Monday, August 8, 2016

Dog Days of Summer - John Singleton Copley 1738-1815

Dogs from John Singleton Copley 1738-1815

1755 John Singleton Copley (American artist, 1738-1815). The Gore Children with Dog

1758  John Singleton Copley (American artist, 1738-1815). Mary and Elizabeth Royall

1767 John Singleton Copley (American artist, 1738-1815). Girl with Bird and Dog

1771 John Singleton Copley (American artist, 1738-1815). Mary Elizabeth Martin

1783 John Singleton Copley (American artist, 1738-1815) Charles Callis Western and His Brother Shirley Western)

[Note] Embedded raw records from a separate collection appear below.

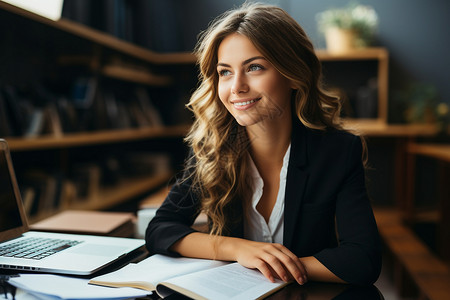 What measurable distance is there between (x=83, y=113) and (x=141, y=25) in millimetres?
1208

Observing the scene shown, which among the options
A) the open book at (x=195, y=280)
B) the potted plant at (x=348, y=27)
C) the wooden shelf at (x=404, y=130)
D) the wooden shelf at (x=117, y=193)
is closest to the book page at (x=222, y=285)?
the open book at (x=195, y=280)

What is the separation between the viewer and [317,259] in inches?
36.0

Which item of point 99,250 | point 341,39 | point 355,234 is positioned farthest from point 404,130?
point 99,250

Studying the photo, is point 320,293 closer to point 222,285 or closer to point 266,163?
point 222,285

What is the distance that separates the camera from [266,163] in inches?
49.4

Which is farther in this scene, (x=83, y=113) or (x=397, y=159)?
(x=397, y=159)

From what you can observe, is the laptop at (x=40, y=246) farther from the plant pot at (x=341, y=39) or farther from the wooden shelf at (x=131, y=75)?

1785 John Singleton Copley (American, artist, 1738-1815) Daughters of King George III (Sophia, Mary and Amelia),

Dog Days of Summer is the name for the most sultry period of summer, from about July 3 to Aug. 11. Named in early times by observers in countries bordering the Mediterranean, the period was determined to extend from 20 days before to 20 days after the conjunction of Sirius (the dog star) & the sun.  The Greek poets Hesiod (ca. 750-650 BCE) & Aratus (ca. 310–240 BCE) refer, in their writings, to "the heat of late summer that the Greeks believed was actually brought on by the appearance of Sirius," a star in the constellation, that the later Romans, & we today refer to as Canis Major, literally the "greater dog" constellation. Homer, in the Iliad, references the association of "Orion's dog" (Sirius) with oncoming heat, fevers, & evil, in describing the approach of Achilles toward Troy:
Sirius rises late in the dark, liquid sky
On summer nights, star of stars,
Orion's Dog they call it, brightest
Of all, but an evil portent, bringing heat
And fevers to suffering humanity.

The term "dog days" was used by the Greeks in Aristotle's Physics.  Astronomer Geminus, around 70 B.C., wrote: "It is generally believed that Sirius produces the heat of the 'dog days,' but this is an error, for the star merely marks a season of the year when the sun"s heat is the greatest." The lectionary of 1559 edition of the Episcopal Book of Common Prayer indicates: "Naonae. Dog days begin" with the readings for July 7 & end August 18. But the readings for September 5 indicate: "Naonae. Dog days end."  This corresponds very closely to the lectionary of the 1611 edition of the King James Bible which indicates the Dog Days beginning on July 6 & ending on September 5.